Kırım Hanlığının devlet teşkilâtı, Altınordu ve Osmanlı Devleti’nde olduğu gibiydi: İki
devletin teşkilâtından da müesseseler vardı. On beşinci asırdan itibaren Kırım
Yarımadası, Kabatay, Kıpçak ve Taman bölgelerinde hâkimiyet süren Kırım Hanlığının
merkezi, Bahçesaray idi.
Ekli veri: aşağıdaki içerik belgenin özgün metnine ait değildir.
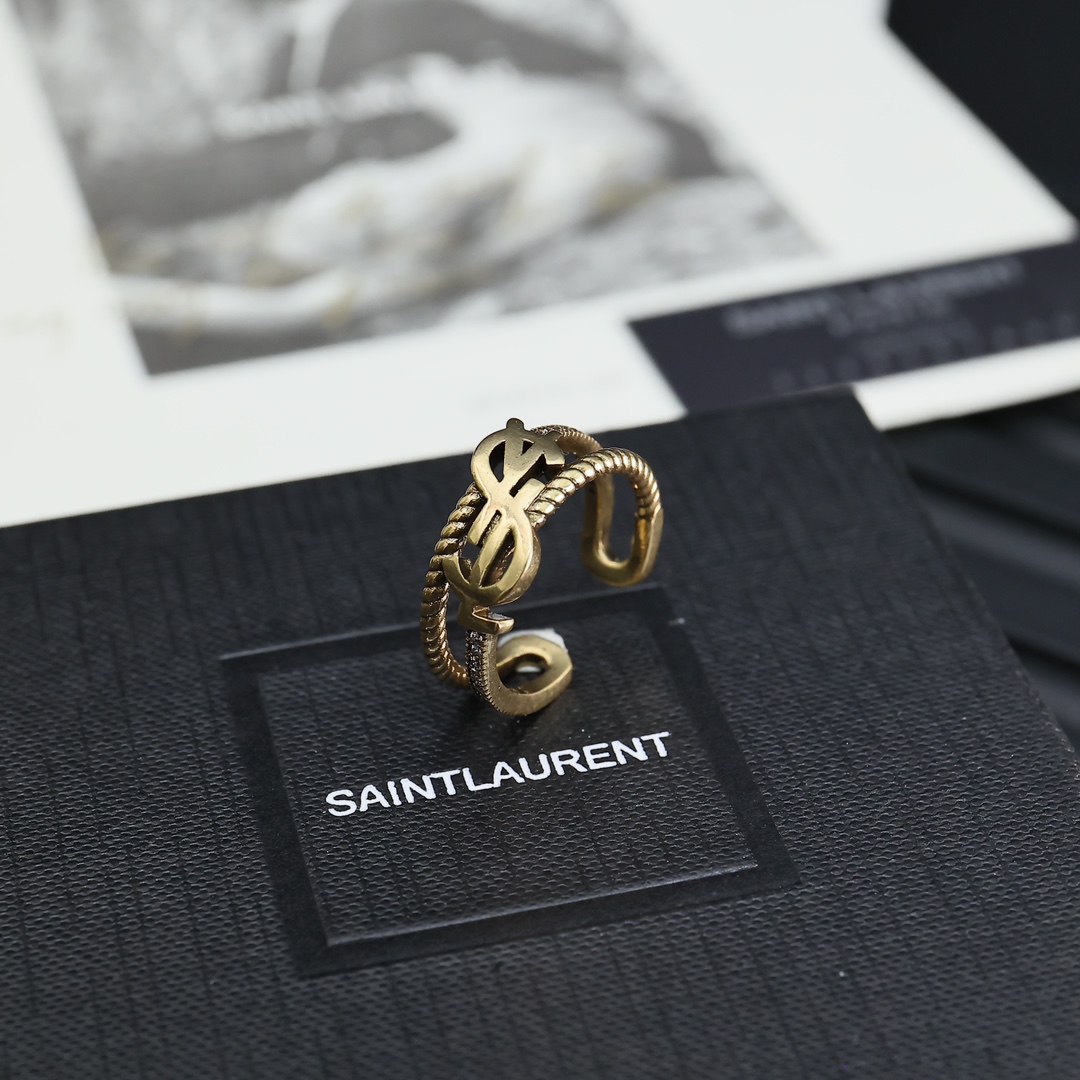 Saint Laurent YSL Open ring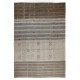 Natural Un-dyed Wool Kilim, Modern Flat-Weave Kilim Rug. 9 x 12.2 Ft (275 x 370 cm)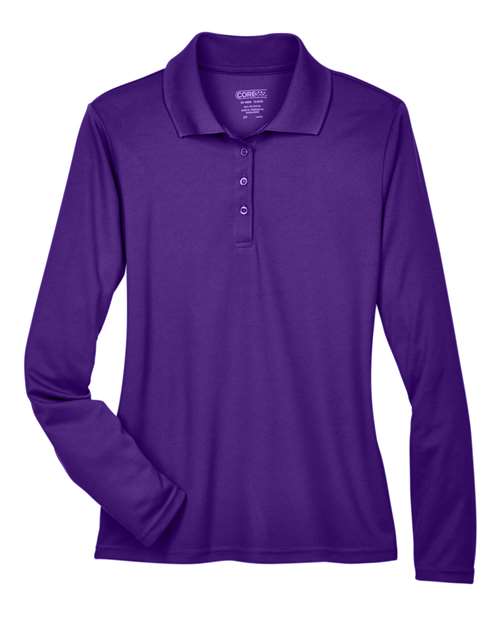 CORE365 78192 - Women's Pinnacle Performance Long Sleeve Pique Polo - Campus Purple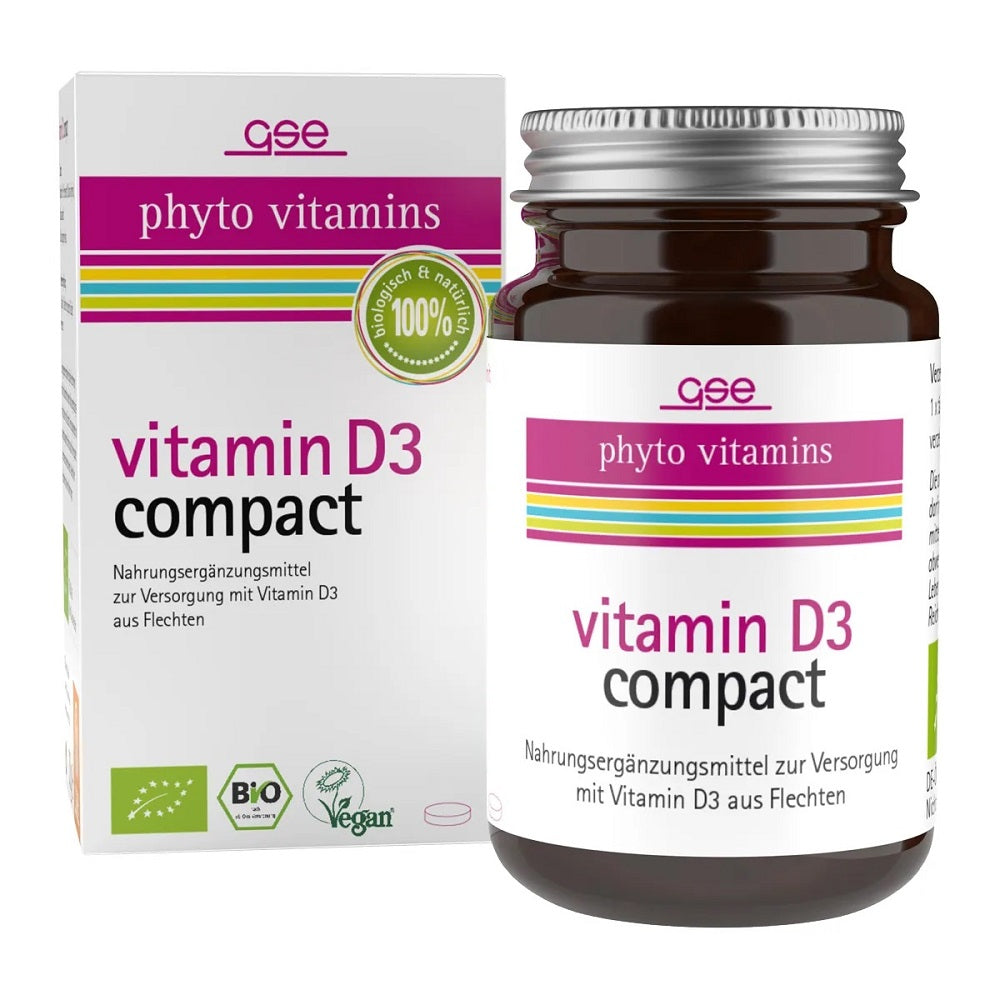 Vitamina D3 Bio Compact GSE 60 Tablete 500 mg 30 g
Hanlık dîvânındaki Karaçi beğleri Altınordu an’anesine göre
hareket ederlerdi. Hanlığın birinci veliahtına Kalgay, ikincisine Nûreddîn denilirdi. Devlet
işleri, hânın başkanlığında; Kalgay, Nûreddîn, Bucak, Yedisar, Kuban seraskeri, Şirin
beyi, müftî, ulugağa denilen vezir, kâdıasker, hazînedârbaşı, defterdar, aktacıbeğ,
kilercibaşı, dîvân efendisi, kâdıasker naibi, Bahçesaray kadısı ve kullarağası tarafından
idare edilirdi. Toprak, hân ailesi ve mirzalar arasında tımar olarak dağıtılmıştı. Buna
karşılık timar sahipleri, Kırım Hanlığı için asker beslerdi. Kırım askerleri, umumiyetle atlı
olup, ateşli silâhları, Osmanlılardan te’min edilirdi. Kırım süvarileri, Moskof üzerine akın
yapmakta gayet usta muhariptiler.
Kırım Hanlığı devrinde mîmârî san’at gelişmiş, bunun yanında süsleme san’atı da
inkişâf etmişti. Kırım Hânları ülke topraklarının her tarafında; saray, han, cami, medrese,
türbe, tekke, çeşme, köprü inşâ ettirmişlerdir. Bu eserler üzerinde Selçuklu ve Osmanlı
te’siri görülmektedir. Eski Kırım’daki Özbek Camii ve medresesi, Sudak’taki cami ve
Bahçesaray’daki eski türbe; Selçuklu te’sirinin birer örneğini teşkil etmektedir. Mîmârî
eserlerde on beşinci asırdan îtibâren Osmanlı te’siri başlamaktadır. Gözleve’deki Hân
Camii 1552 senesinde Mimar Sinan tarafından yapılmıştır. Karagöz kasabasındaki
Koleç mescidi, Karasu’daki Sor Camii, kervansaray ve büyük hamam, Yeni Kale surları,
Kerç’te Bâyezîd Camii, Mustafa Çelebi Camii, medrese ve hamam, Bahçesaray’daki
Han sarayı ve civarındaki türbe on altıncı ve on yedinci asra aittir.